For all the stuff we see here over and over about communication, promotion and all that, in the end it's the quality of the science that will win the day for us shareholders. All the rest is just noise. Promotion without substance leads nowhere, real clear good results will do the promotion job by themselves. This kind of ATM deal only makes sense if you expect a sharp rise of the SP on large volume and this will only come in the foreseeable future with a great news in oncology.
jfm1330 wrote: I went back to the KOL presentation to determine at what dose Thera likely is right now in the dose escalation trial. Marsolais said it take three to four weeks for every cycle. It was annouced on March 23 that they injected the first patient of the trial at 30 mg/m2. So taking that date as the starting point it gives this assuming a full four weeks for every cycle, which is likely not the case, especially in the first two or three cycles. Anyways, it gives this
March 23: 30 mg/m2
April 20: 60 mg/m2
May 18: 120 mg/m2
June 15: 200.4 (on June 21, Marsolais said they were close to the MTD of docetaxel of 230 mg/m2. So this is in line with what he said then)
July 13: 300.6 mg/m2
So it gives July 13 for the first dose well above the MTD of free docetaxel. Again, Marsolais said three to four weeks per cycle, so more than three weeks, but in some cases, probably in the first cycles, with one patient, less than four weeks. So this dose of 300 mg/m2 has been likely given somewhere between July 5 and July 15. Likely in the middle of that interval. So it is easy to understand why Marsolais willing to say in the last CC that they will surely have a MTD of TH1902 that is higher than the MTD of free docetaxel. Also, he probably already had the dosing of free docetaxel over time in the blood after the injection of the 300 mg/m2 dose. So he knew the level of free docetaxel this dose was generating. If the number was as low as expected, it confirmed to him that toxicity at that dose was very unlikely.
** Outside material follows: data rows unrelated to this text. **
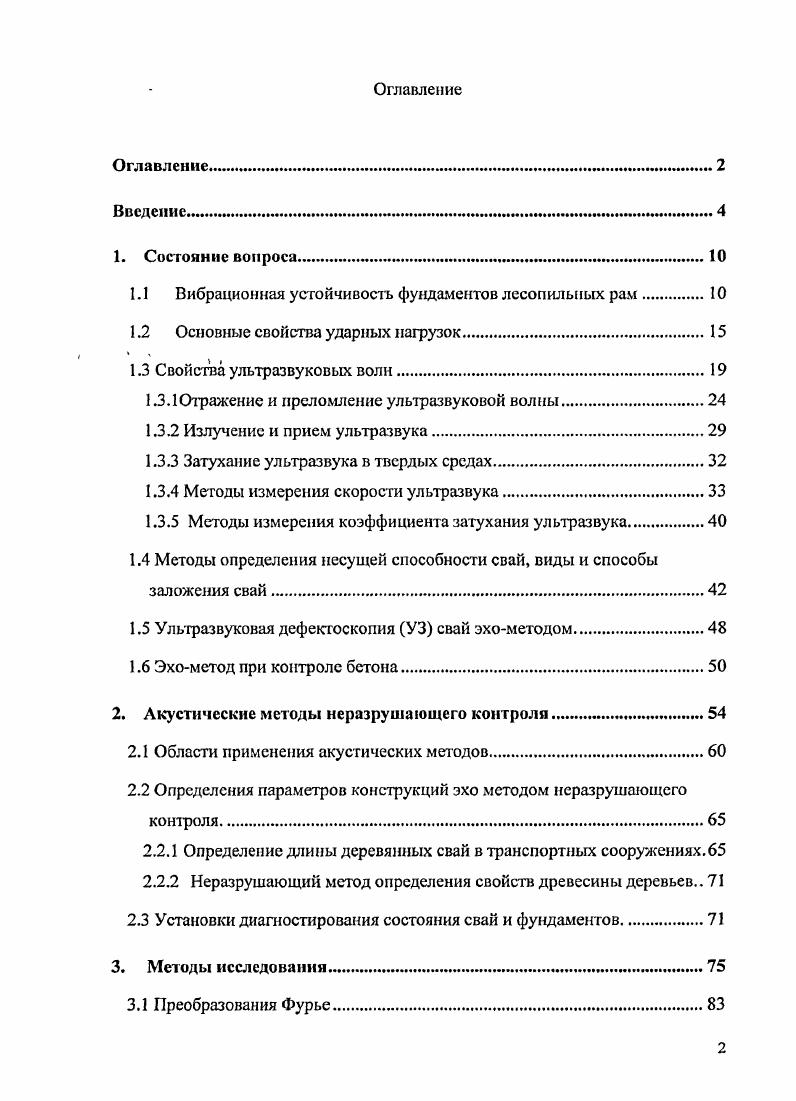 "1.1 Вибрационная устойчивость фундаментов лесопильных рам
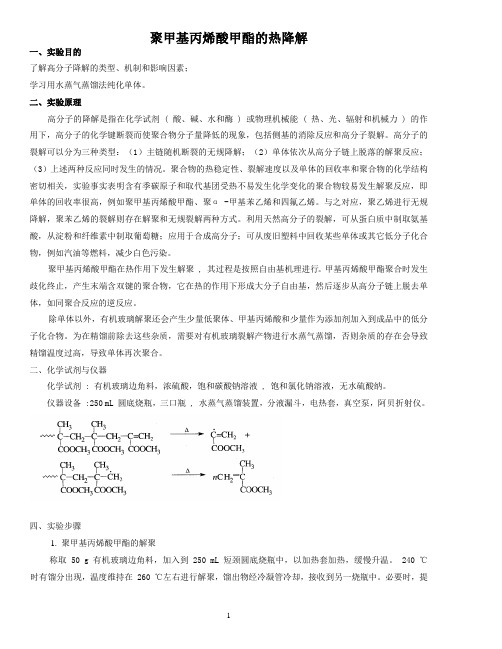 聚甲基丙烯酸甲酯热降解实验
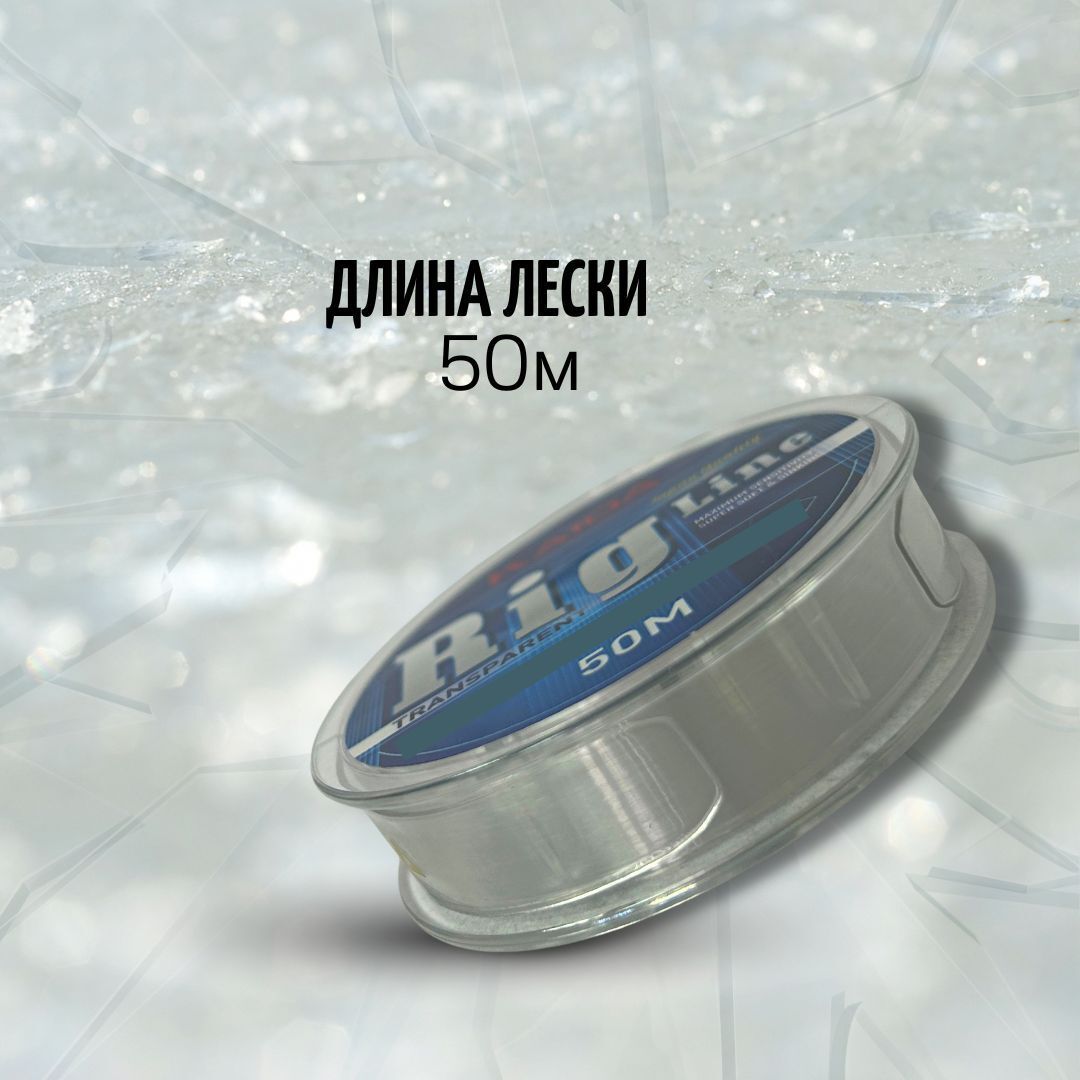 Леска для зимней рыбалки KAIDA Rig Line 50 м прозрачная 0.105мм/1.76кг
The next step will be 420 mg/m2 on August 10. This will be close to two times the MTD of free docetaxel.
Then, if they get there, it would be 558.6 mg/m2 on September 7, and 742 mg/m2 on October 5. This would be a bit higherthan three times the MTD of free docetaxel, which is what they saw on rats in the preclinical.
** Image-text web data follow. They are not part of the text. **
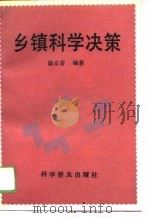 乡镇科学决策   1989  PDF电子版封面  7110013340  籍希晋编著 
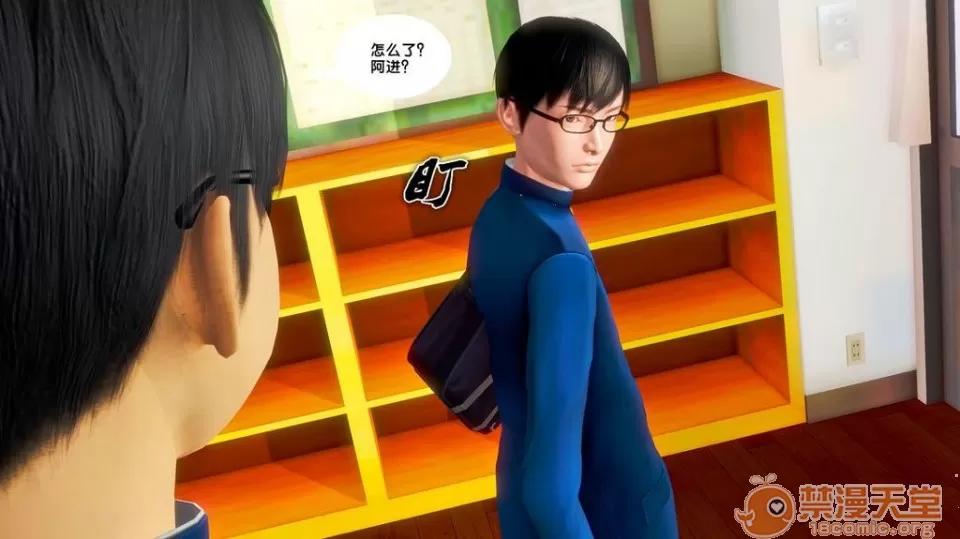 奴隸契約之女神戰士 奴隸契約之女神戰士11-20 第747页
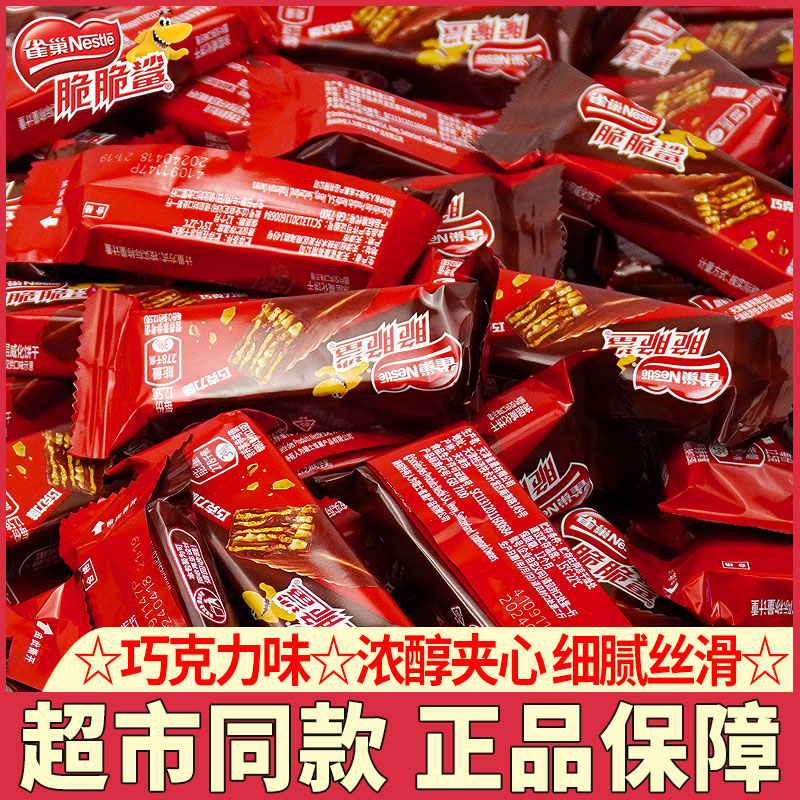 雀巢脆脆鲨巧克力味威化夹心饼干牛奶味独立小包散装休闲零食品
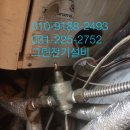 수원-1148 이미지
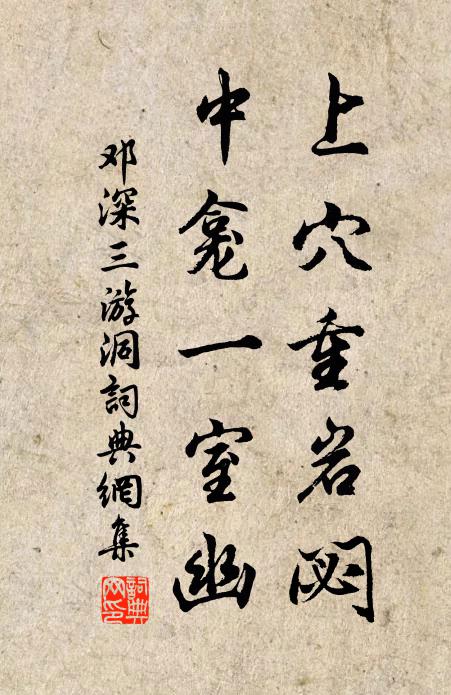 邓深上穴重岩閟，中龛一室幽书法作品欣赏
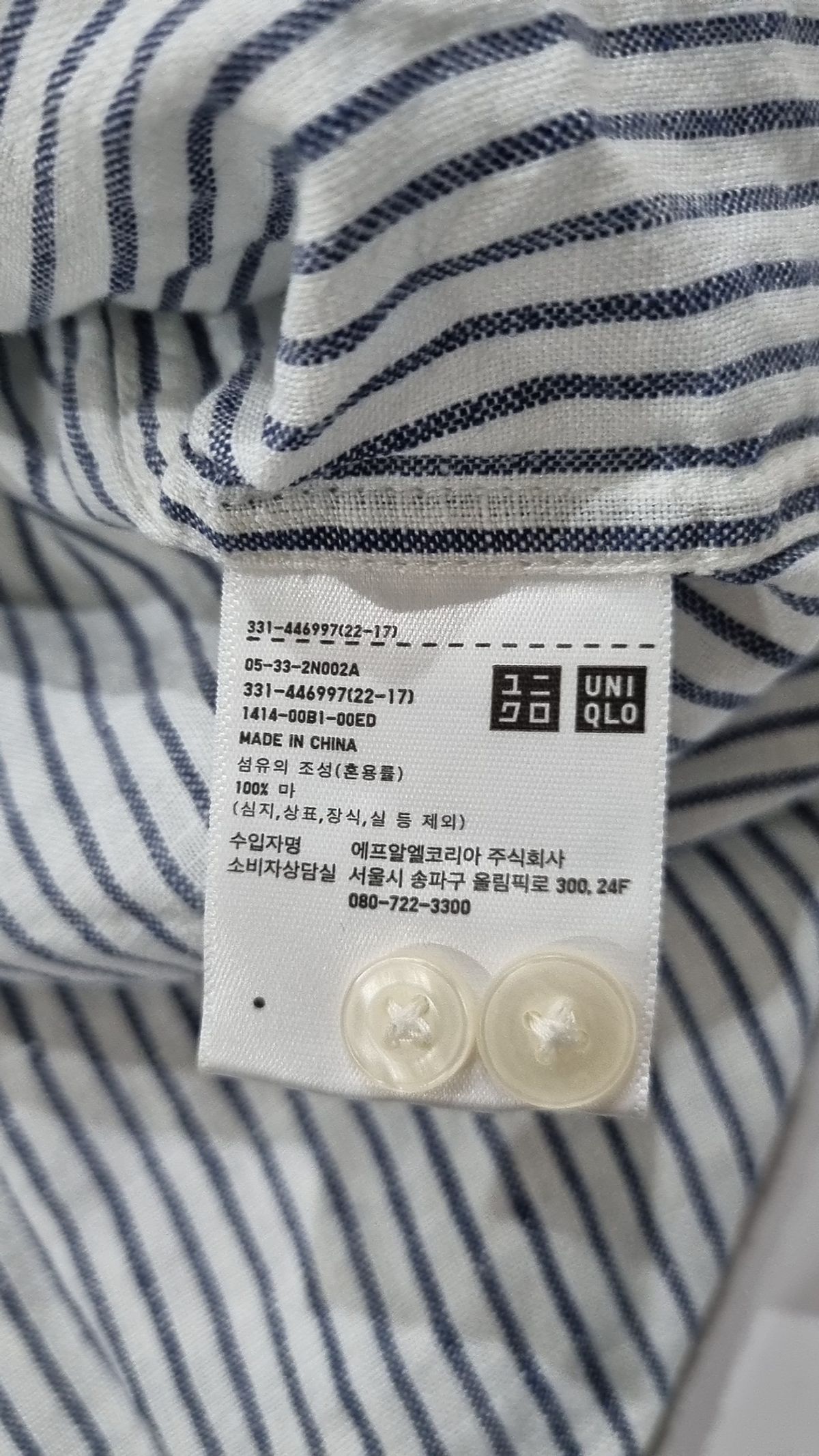 유니클로(UNIQLO) 캐주얼 셔츠 XL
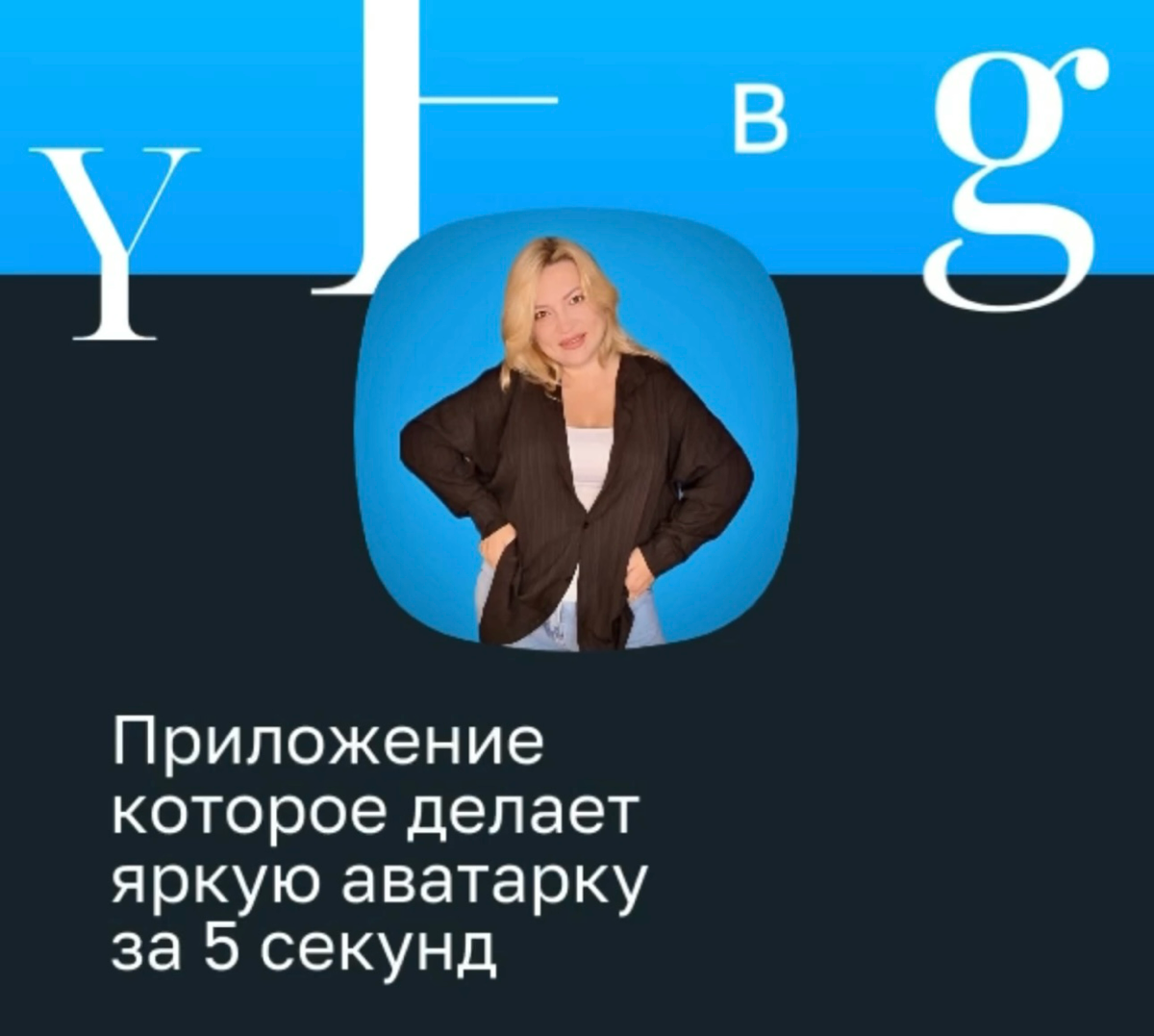 Программа с шаблонами которая сама за тебя сделает цепляющую аватарку
Но наверняка у многих из вас, сложилось впечатление ну нужна яркая, аватарка да! На дизайнера деняк нет, а как же самой то-сделать... | Сетка — социальная сеть от hh.ru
So we are sure to have a significantly higher MTD of docetaxel with TH1902. At this stage the only question to answer is how much higher will it be. The higher it will be, obviously, the better it will bode for efficacy. This helps understanding why they are so confident with TH1902 anf the SORT1 approach in general. Why they hire people to coordonate preclinical and clinical work. It also allows to understand why they were willing to write in their last press release, and say through the CEO in their last CC that they believe that They have developed a targeted peptide-drug conjugate that may potentially transform the way cancer is treated. These are their words, not mine, and this is a very bold statement coming from them. I can't figure how they can be more positive than that without releassing real good results. After such a statement, coming out in a few months with negative results would be an absolute surprise. But again with this company at this time, it is a matter of credibility and they obviously don't have much with the market. So this statement went by like it was never made. Even here, I have been the only one underlining it. So we will have to wait for the real results. It will either be a shocker for many, or a big disapointment for me.